Not all files are needed to be moved. Most notably, the association files are too large to be hosted on github, so we are looking for a solution for this.
Also, ontology files besides the plant_ontology.obo file were stored in a collaborators_ontology folder. We decided to restructure the repo to make these at the same level
Dumping the svn repo
To keep the revision info for the files, we need to dump all of that from svn and then filter it out for the specific files we need to move to git.
On Palea
cd /data/svnrepos/Poc svnadmin dump . > /lemma/justin/Poc_svn_migration/Poc_svn_dump
This will dump all repo information including revision info and commit messages to a file named Poc_svn_dump. I stored this on lemma as the file is large (>25GB).
Filtering the dump
Note: the following was run on one of cluster compute nodes because I didn't want to swamp palea working on it.
I decided to test this out with trait.obo first as a proof of concept. Other files should be similar with changes to the include statement
cd /lemma/justin/Poc_svn_migration cat Poc_svn_dump | svndumpfilter include /trunk/ontology/collaborators_ontology/gramene/traits/trait.obo --drop-empty-revs --renumber-revs > trait.obo_filtered_dump
The
svndumpfilter
command will go through the dump file and only output revision info for trait.obo, in this case. The full path needs to be in the include argument, otherwise it output an empty repo. The other arguments will reset the revision numbers so that they start at 1 and have no empty revisions.
If the file path needs to be changed, this is the point to do it. Here is a command that I used to change the filename and remove the full path:
cat trait.obo_filtered_dump | sed 's/Node-path: trunk\/ontology\/collaborators_ontology\/gramene\/traits\//Node-path: plant-trait-ontology.obo/' > trait.obo_filtered_path_fixed_dump
For repos that have had files moved with history before, the above did not work when trying to import into repo in the next step. I used the following for a different repo to get it to work:
cat associations_dump | sed 's/Node-path: trunk\/associations/Node-path: po-associations/' | sed 's/Node-copyfrom-path: trunk\/associations/Node-copyfrom-path: po-associations/' > associations_filtered_path_dump
Create a new svn repo to hold the filtered data
cd /data/svnrepos sudo svnadmin create /data/svnrepos/svn2git sudo chown -R apache: svn2git
Copy the filtered dump to the new repo
Then back on palea (svn server):
cd /data/svnrepos sudo svnadmin load ./svn2git < /lemma/justin/Poc_svn_migration/trait.obo_filtered_path_fixed_dump
At this point, we should have a fresh clean svn repo with only the filtered files in it with all revision info.
Copy the svn repo to github
Method if repo in github hasn't been created yet (simpler)
Go to https://import.github.com/new and follow the steps there.

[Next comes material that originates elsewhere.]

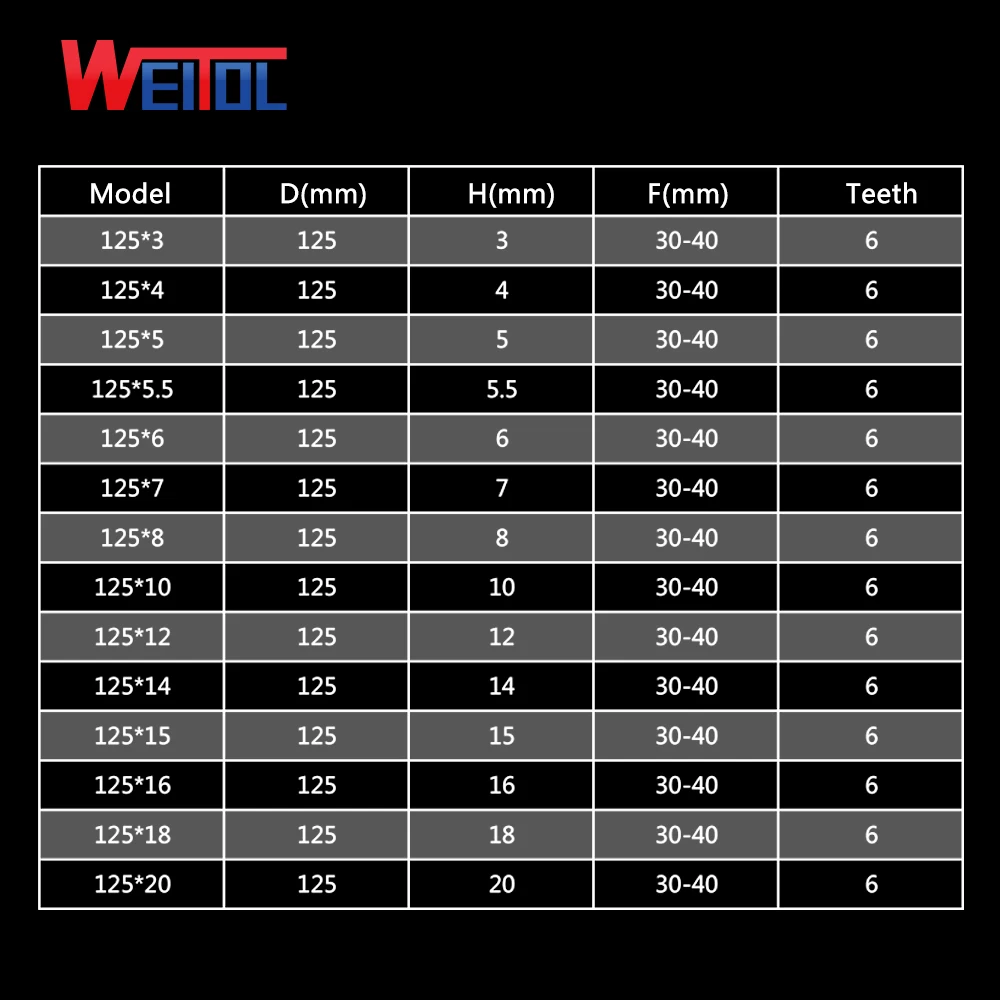 Weitol 1 шт. наружный диаметр 100 мм высококачественное полотно для циркулярной пилы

This will use the SVN repo created above.
Method if github repo already has files in it
I couldn't figure out how to do this direct from the svn, but I figured out how to do it by using an intermediate temporary github repo.
Create a new temporary github repo from the svn using the "simpler" import method described above.
In this example, I created a temporary github repo https://github.com/elser/dbxref that contained just the PO_DBXref.txt file along with its history. I wanted to move it to the Planteome/common-files-for-ref-ontologies repo under Planteome.
mkdir git_temp cd git_temp/ git clone https://github.com/elserj/dbxref.git dbxref cd dbxref/ git remote rm origin git filter-branch --subdirectory-filter dbxref -- --all git commit cd ../ git clone https://github.com/Planteome/common-files-for-ref-ontologies.git common-files-for-ref-ontologies cd common-files-for-ref-ontologies/ git remote add origin-dbxref ../dbxref git pull origin-dbxref master git remote rm origin-dbxref git push
Note that not every line is required, noticeably the "git filter-branch", but they may be needed if the repo has multiple folders or other structure that this example didn't have.